Я здесь был, давно, да? И у меня здесь были друзья, даже родственники здесь учились. Я сам чуть было не попал к вам, но потом попал в строительный институт, проучился там пару лет, но был не в ладах с Начертательной геометрией, с эпюрами — и бросил это дело. Не знаю, к лучшему или нет.
Ну ладно. Теперь послушайте несколько спортивных песен. Сейчас только что прошла Олимпиада, готовимся к новой, и просто уместно спеть несколько спортивных песен, верно? Одну песню вы наверняка знаете, вторую, может быть, не очень, а третью — нет. Итак, первая песня называется «Бег на длинную дистанцию (марафон)». Я вижу, что некоторые знают. Но эта песня написана не по поводу марафона, как вы знаете, а по поводу некоторых комментариев к хоккейным матчам и футбольным, когда не задумываются наши комментаторы и такие словосочетания употребляют, которые в данной ситуации ну совсем невозможны. «Вот еще одну шайбу забили наши чехословацкие друзья!» Я всегда думаю: ну почему друзья, если забили шайбу. Они — соперники и противники на поле, а друзья — до того и после того, на здоровье, пожалуйста… В общем, это как история о том, как однажды режиссер один работал в Узбекистане с цыганским ансамблем и все говорил: «Товарищи цыгане! Встаньте туда! Товарищи цыгане, встаньте…» Они говорят: «Сейчас, товарищ узбек!» И сразу все стало на место. Можно национальности поменять, конечно, но все равно это не меняет дела. Просто надо думать, когда употребляешь какие-то слова. Итак…
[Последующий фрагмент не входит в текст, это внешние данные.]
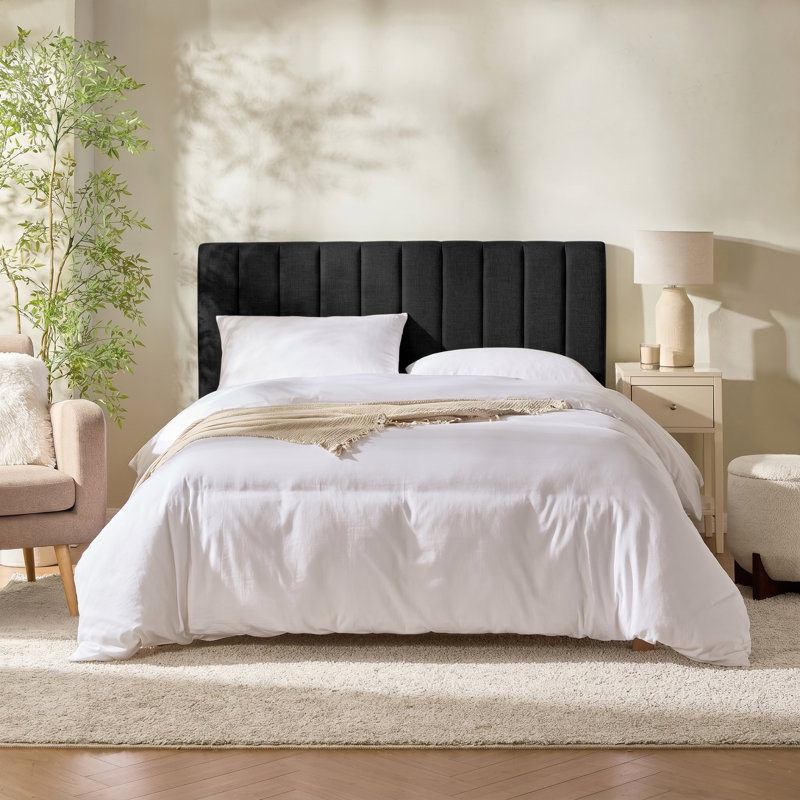 Chastelyne Upholstered Easy Assemble Wall Mounted Headboard, Queen, Black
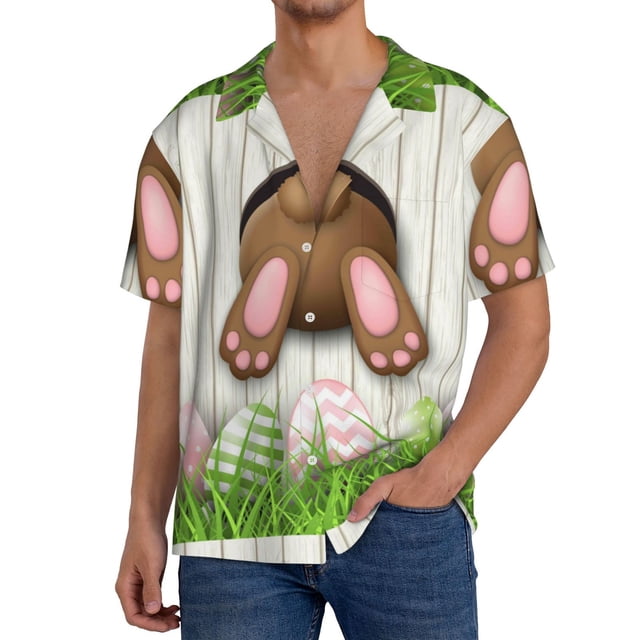 Fotbe Brown Bunny Bottom And Easter Eggs Camisa Estampada de Manga Corta para Hombre, Casual de Verano, Estilo Playero, Sin Arrugas-X-Large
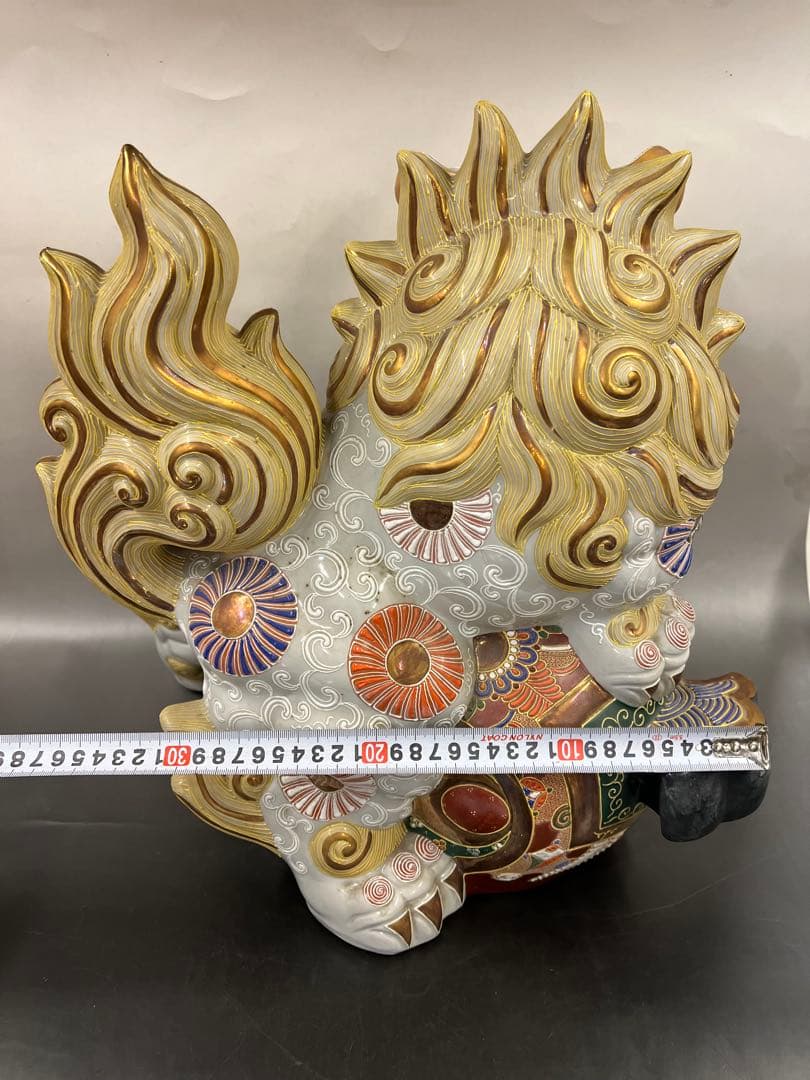 美品 九谷焼 巨大シーサー 送料込み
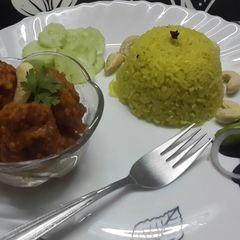 Makhmali Chitol Macher Muitha/ Creamy fish dumplings & Pulao A picture of Makhmali Chitol Macher Muitha/ Creamy fish dumplings & Pulao.
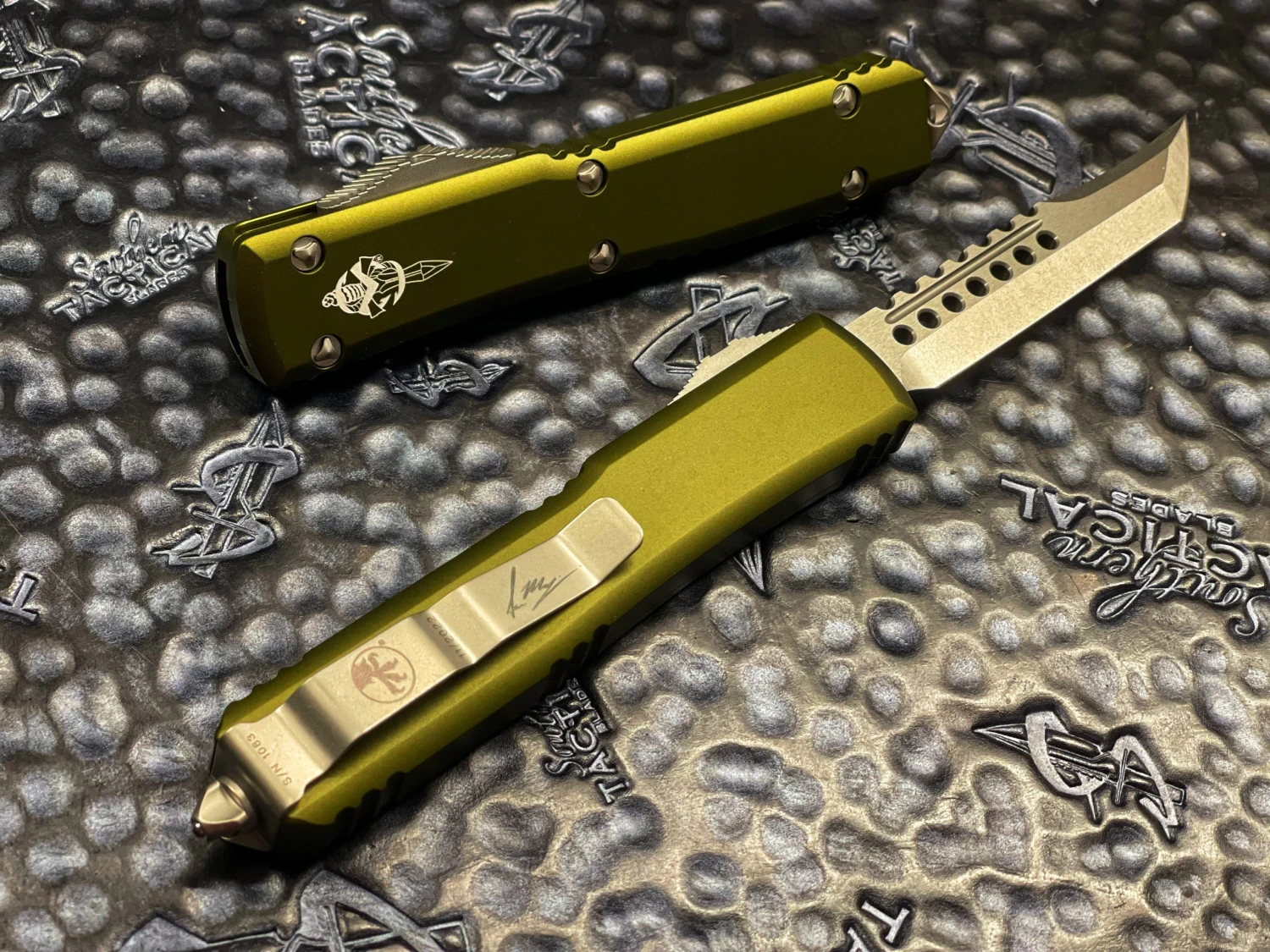 Microtech Ultratech Hellhound Stonewashed Standard OD Green Signature Series Off Automatic Knife 2 Microtech Ultratech Hellhound Stonewashed Standard OD Green Signature Series Off Automatic Knife - Image 2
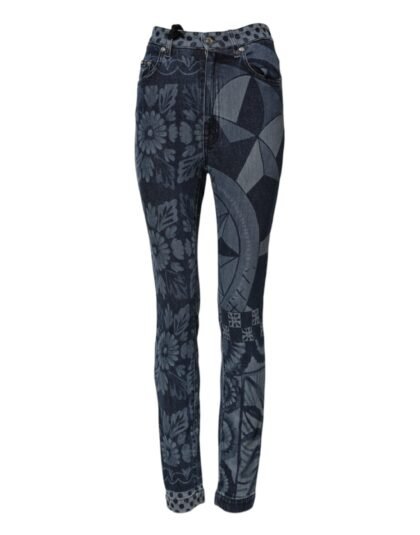 Dolce & Gabbana blauw Graphic Print katoenen Skinny Denim jeans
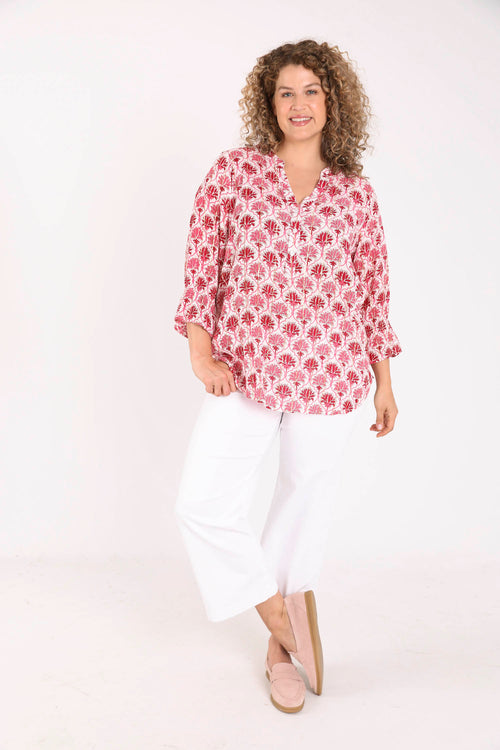 Blouse en viscose imprimé fleurs indiennes-Paprika-7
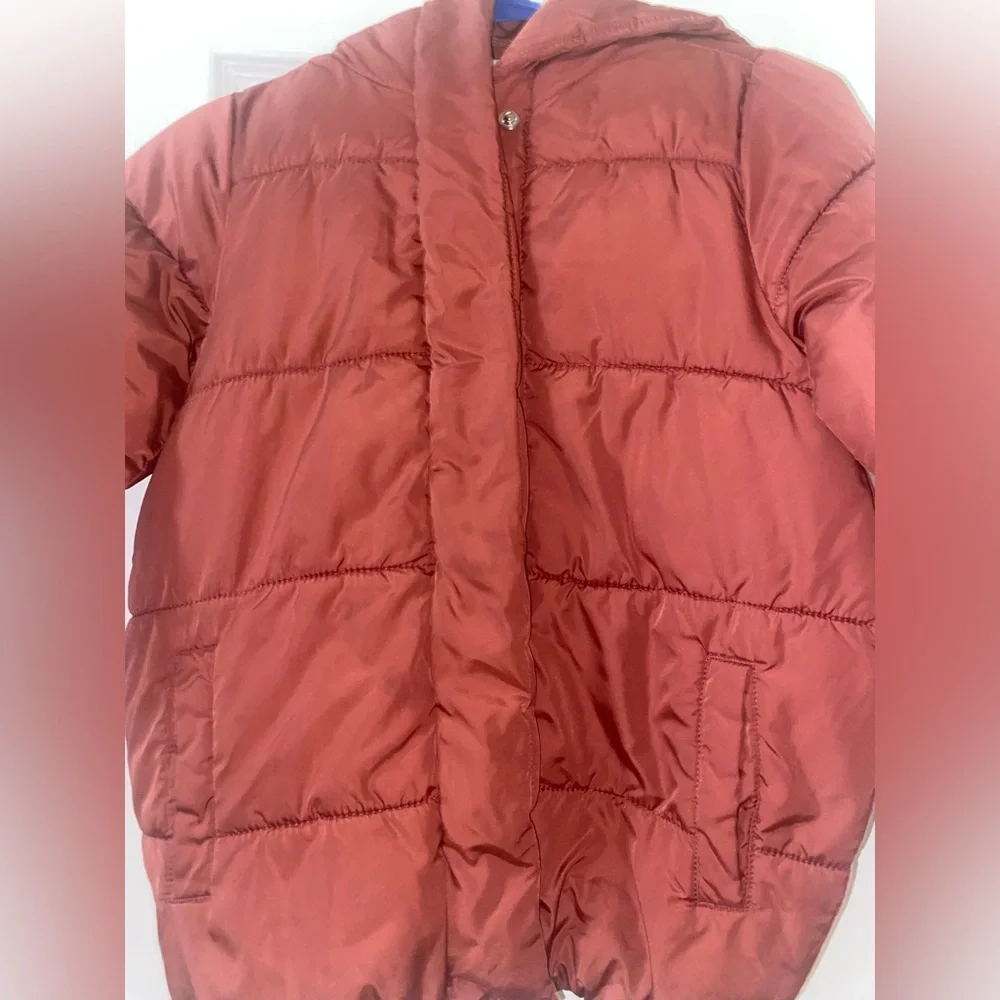 Old Navy Girls Cocoon Sherpa Lined Hooded Puffer Coat Size 8 M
Я бегу, бегу, бегу, бегу, бегу, бегу, бегу, бегу…
Значит, так… Несколько слов… «Хотелось бы знать ваше мнение на этот счет: какова, по-вашему, цель искусства? Заранее благодарен…» Вы знаете, я никогда не отвечаю на такие вопросы. В общем, это всегда… Даже по телевидению, во всяких «кинопанорамах» — вы никогда не обращали внимания, как разоблачают себя артисты, которые для вас были всегда в ореоле какой-то таинственности, недосказанности? Нет? Как их на «Кинопанораму» вызывают и говорят: «Как вы работали над ролью?» Они отвечают: «Я с режиссером вместе работал, мы вместе подумали, что этот человек не просто плохой человек, в нем обязательно есть что-то хорошее. И мы стали искать, где он плохой, а где он хороший, чтобы потом сыграть…»
Ну зачем вы спрашиваете про мои «мысли об искусстве» или «каковы цели искусства?»? Гуманизм — цель искусства. Конечно. Ну и что? Вы же не хотите, чтобы я старался показаться вам умнее, чем есть на самом деле, зачем? Все, что я думаю об искусстве, о жизни, о людях, — все это заключено в моих песнях. Вот слушайте их и сами смотрите, что я хочу от этой жизни.